Nissan Leaf NISMO concept vehicle, on display at the Tokyo Motor Show in Tokyo on October 25, 2017. AFP
Nissan Leaf NISMO concept vehicle, on display at the Tokyo Motor Show in Tokyo on October 25, 2017. AFP

“Men of big affairs are coming to appreciate more and more the electric’s wide sphere of usefulness in daily business life… even a child can run it”. So reads a 1912 advert from the Electric Vehicle Association of America, highlighting the ability of electric cars to drive in any weather and with no need for the driver to crank the vehicle up before setting off.

At that time, most electric cars reached speeds of around 20mph and were unable to travel very far without running out of power. Today’s electric cars, however, powered by lithium-ion batteries, have come a long way: a Tesla Model S recently travelled more than 620 miles on one charge.

Dr Anna Bonne, the transport lead at the UK’s Institution of Engineering and Technology, says that electric vehicles with a decent driving range on one charge, such as the small ones recently introduced by Renault and General Motors that cost less than £20,000 (Dh97,000), are also now becoming more affordable.

It’s unlikely, however, the new vehicles will be a one size fits all option – some are suited to short journeys within urban areas, while others are better for longer journeys between cities.

“It is likely that cars will be powered by electric batteries, but larger vehicles that need to travel a long distance with a heavy load will be powered by hydrogen as they won’t be able to get the range they need with current battery technology,” Dr Bonne said, adding that “there is also an option that larger commercial vehicles, such as lorries, could be powered by overhead power cables, but the infrastructure will be expensive to install.”

According to research from Shell, the number of electric cars will rise significantly from the 1.2 million recorded in 2015 to around 100 million by 2035 – or 6 per cent of the global fleet.
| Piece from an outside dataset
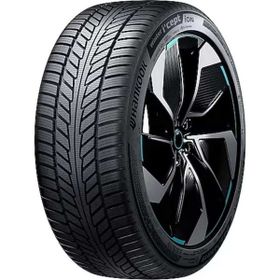 Hankook 255/50 R20 109H XL Winter i'cept iON IW01A Kış Lastiği 2024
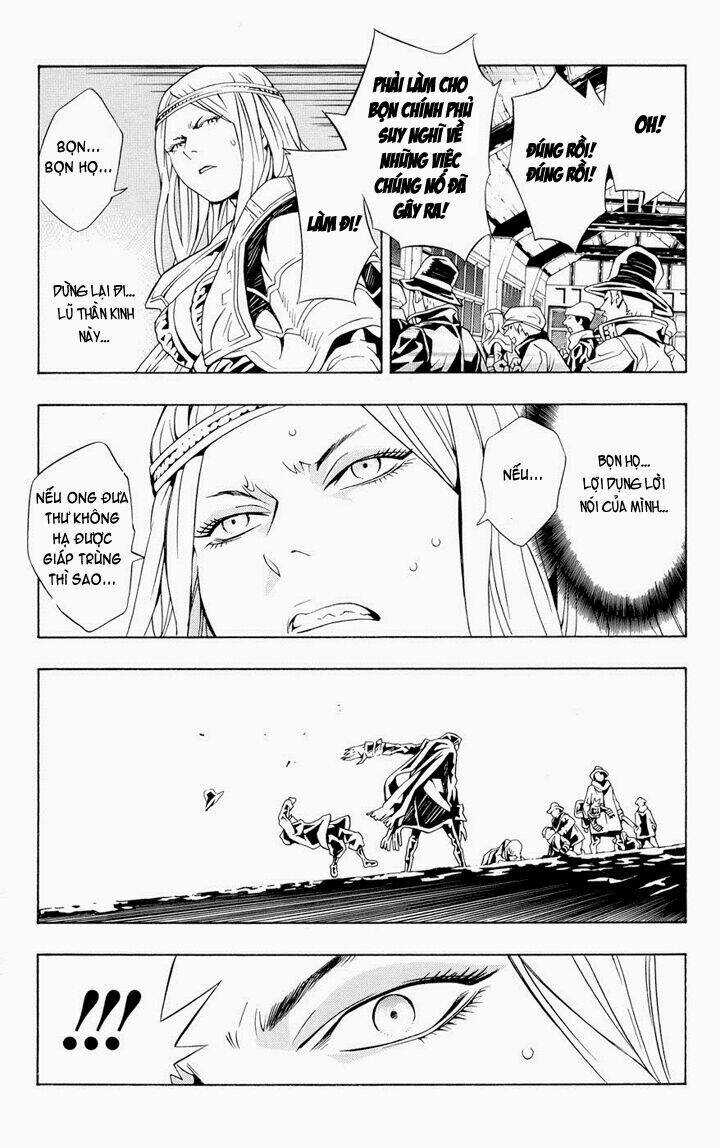 Ong Đưa Thư Chapter 14 trang 36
Around a quarter of these electric vehicles are plug-in hybrids, which run on a mix of electric power and oil, and three quarters are battery electric vehicles.

Hydrogen fuel cells are also an option, with a small number of commercial vehicles on the road using them already; however, Paul Ekins, professor of resources and environment policy at UCL and co-director of the UK Energy Research Centre, believes the electric car will win out.

“Battery electric vehicles have a head start and if the battery continues to develop as it has over the last two or three years in terms of cost and performance, hydrogen fuel cell vehicles are going to find it pretty difficult to catch up,” says Prof Ekins, who does concede that it is possible there will be a mixture of hydrogen fuel cell and electric vehicles.

A member of staff charges an electric car at the Holloway Road Shell station where Shell launched its first fast electric vehicle charging station in London, UK. Reuters
A member of staff charges an electric car at the Holloway Road Shell station where Shell launched its first fast electric vehicle charging station in London, UK. Reuters

“There’s an enormous amount of innovation to come and it wouldn’t surprise me at all if we didn’t get hybrids of all kinds, [but] I think that battery electric vehicles will have a good share of the market”.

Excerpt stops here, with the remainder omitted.